With millions of people voting in India’s General Election, Prime Minister Narendra Modi and the Bharatiya Janata Party (BJP) are seeking a third term in office, and are widely tipped to get it. The Hindu nationalist movement in India predates Modi and the BJP but their decade in power has catapulted Hindu nationalism into the mainstream.
Modi’s rise to power has reshaped India including the landscape for foreign funded organisations and media. Many human rights groups, journalists and activists critical of the government have come under intense scrutiny. A direct outcome has been the suspension or cancellation of their licences under the Foreign Contribution Regulation Act (FCRA) which permits non-governmental organisations (NGOs) to receive funds from abroad.
In the past nine years more than 16,000 NGOs have had their FCRA registration cancelled due to “violations” according to, national daily The Hindu, including those working on rights of India’s most vulnerable minority groups.

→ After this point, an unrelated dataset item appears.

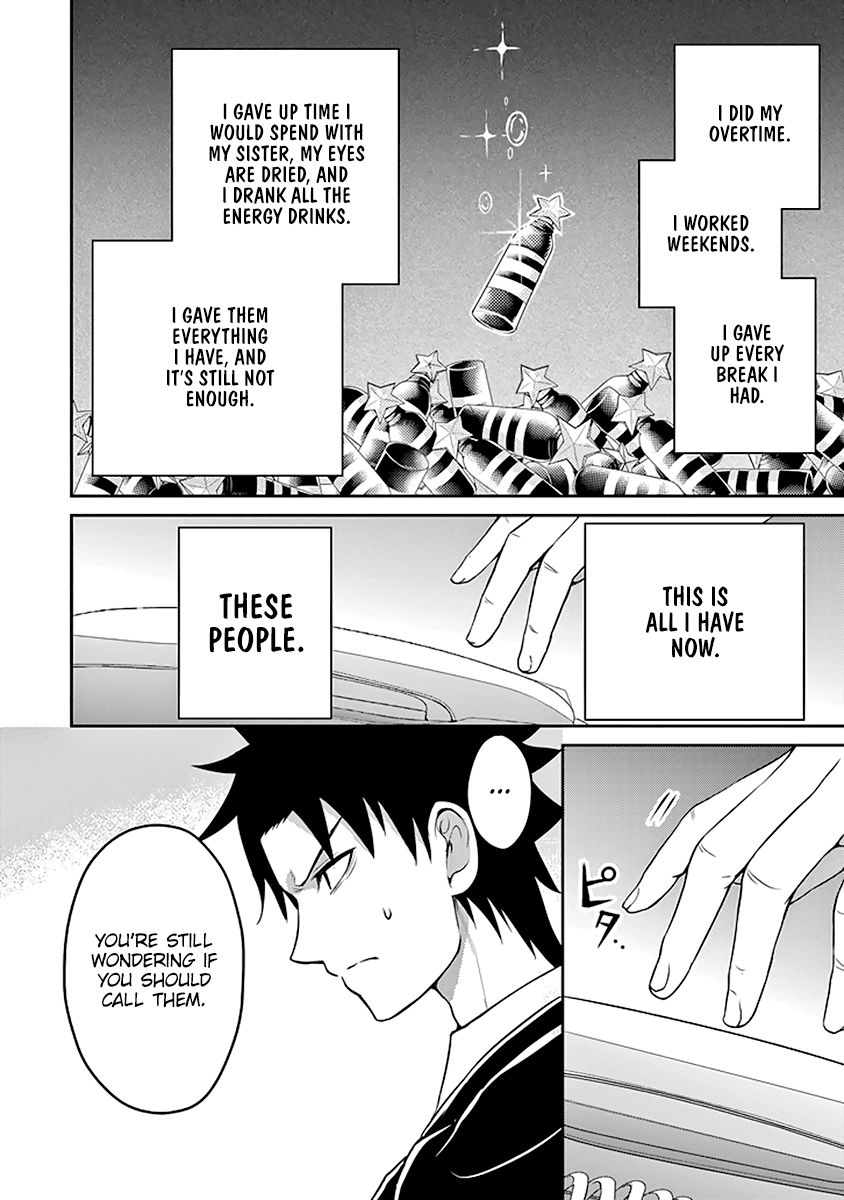 29 to JK Chapter 12 page 32 - Chapter 12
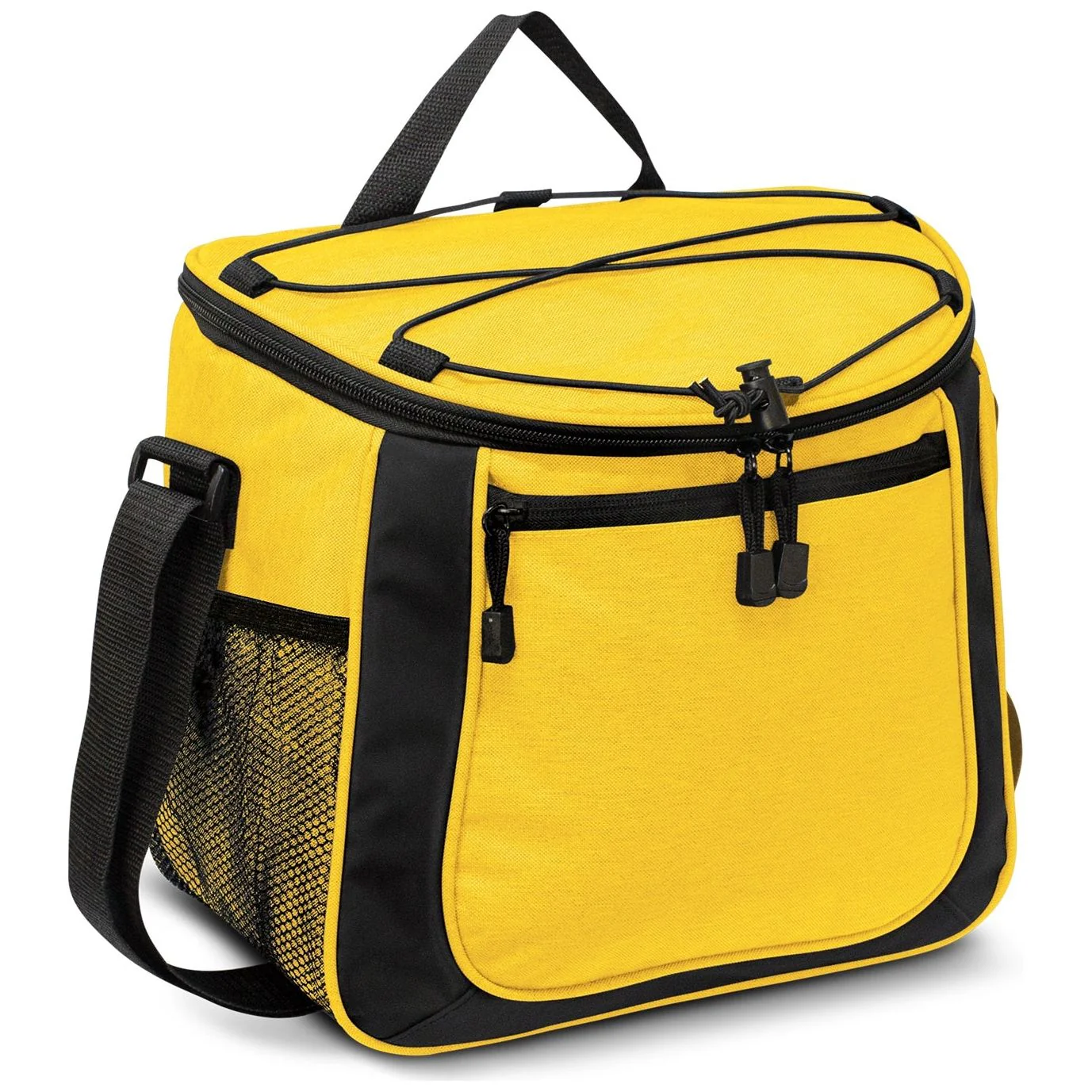 Aspiring Cooler Bag (Carton of 25pcs) (115252) - Image 3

Aakar Patel the former head of Amnesty International India – which was forced to halt operations in 2020 due to allegations of FCRA violations- told Bellingcat, “I think India should do away with a law that is used maliciously in a targeted fashion. There is no reason for one part of the private sector to be governed by a special law that the rest of the private sector is not subject to. And it is the government that decides, arbitrarily, what activity and which entity should submit itself to FCRA.”